Method root_to_leaf_paths()
Find all directed paths from the root of the tree to the leaves.
Usage
Arborescence$root_to_leaf_paths()
Returns
A list of ordered node lists.
Method postree()
Implements function POSITIONTREE
(Walker, 1989) to
determine the coordinates for each node in an arborescence.
Usage
Arborescence$postree( SiblingSeparation = 4, SubtreeSeparation = 4, LevelSeparation = 1, RootOrientation = "SOUTH", MaxDepth = Inf )
Arguments
SiblingSeparation
Distance in arbitrary units for the distance between siblings.
SubtreeSeparation
Distance in arbitrary units for the distance between neighbouring subtrees.
LevelSeparation
Distance in arbitrary units for the separation between adjacent levels.
RootOrientation
Must be one of "NORTH", "SOUTH", "EAST", "WEST". Defined as per Walker (1989), but noting that Walker assumed that y increased down the page.

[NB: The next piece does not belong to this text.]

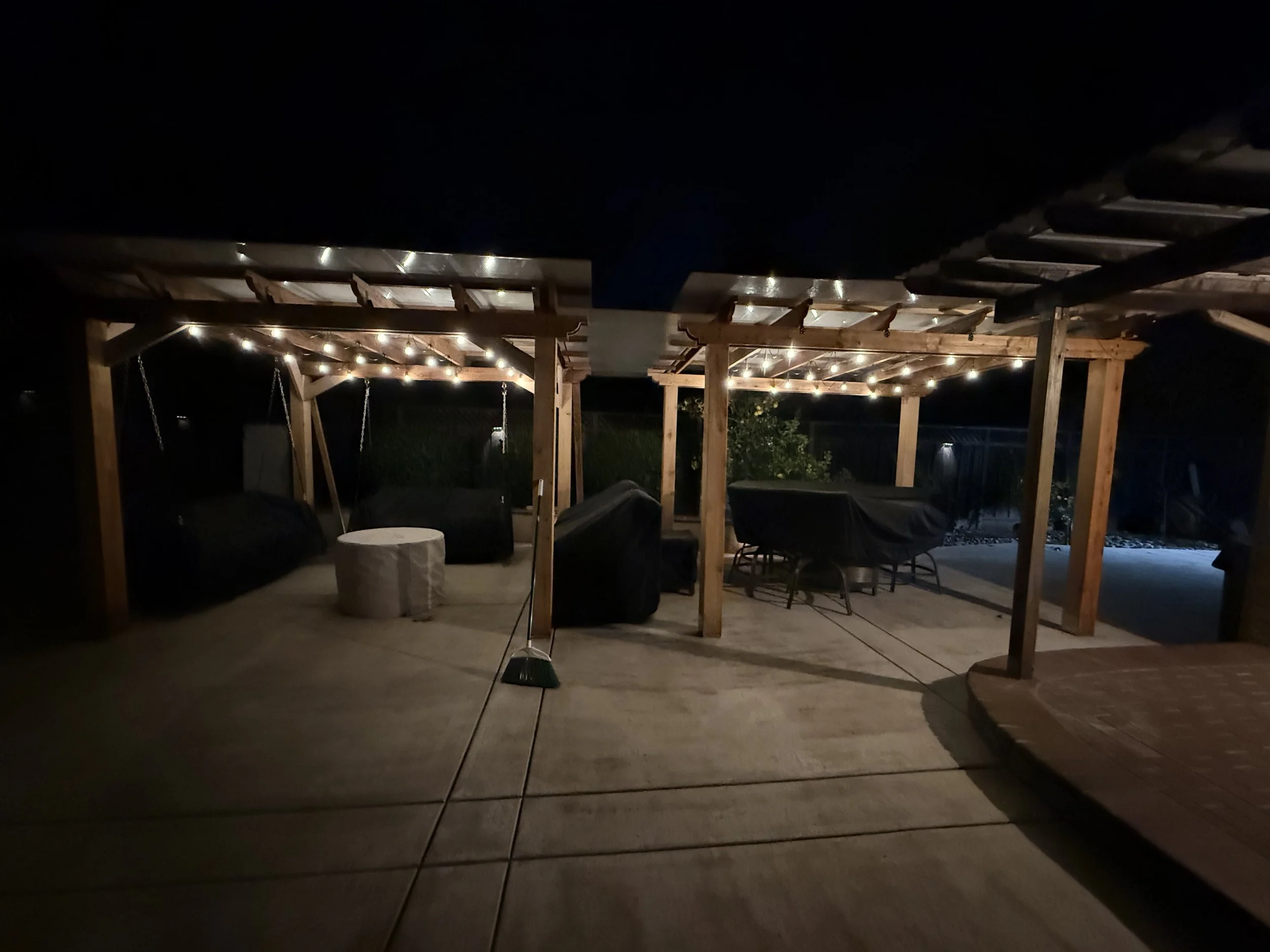 Pergola patio cover with translucent roof, San Jose backyard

Thus the meaning of NORTH and SOUTH are opposite to his, with the default (SOUTH) having the child nodes at positive y value and root at zero, as per his example (figure 12).
MaxDepth
The maximum depth (number of levels) to be drawn; if the tree exceeds this, an error will be raised.
Details
In the rdecision
implementation, the
sibling order is taken to be the lexicographic order of the node
labels, if they are unique among siblings, or the node indexes otherwise.
Returns
A data frame with one row per node and three columns (n, x
and y) where n
gives the node index given by the
Graph::vertex_index()
function.
Method clone()
The objects of this class are cloneable with this method.
Usage
Arborescence$clone(deep = FALSE)
Arguments
deep
Whether to make a deep clone.
Author(s)
Andrew Sims andrew.sims@newcastle.ac.uk
References
Walker, John Q II. A A node-positioning algorithm for general trees. University of North Carolina Technical Report TR 89-034, 1989.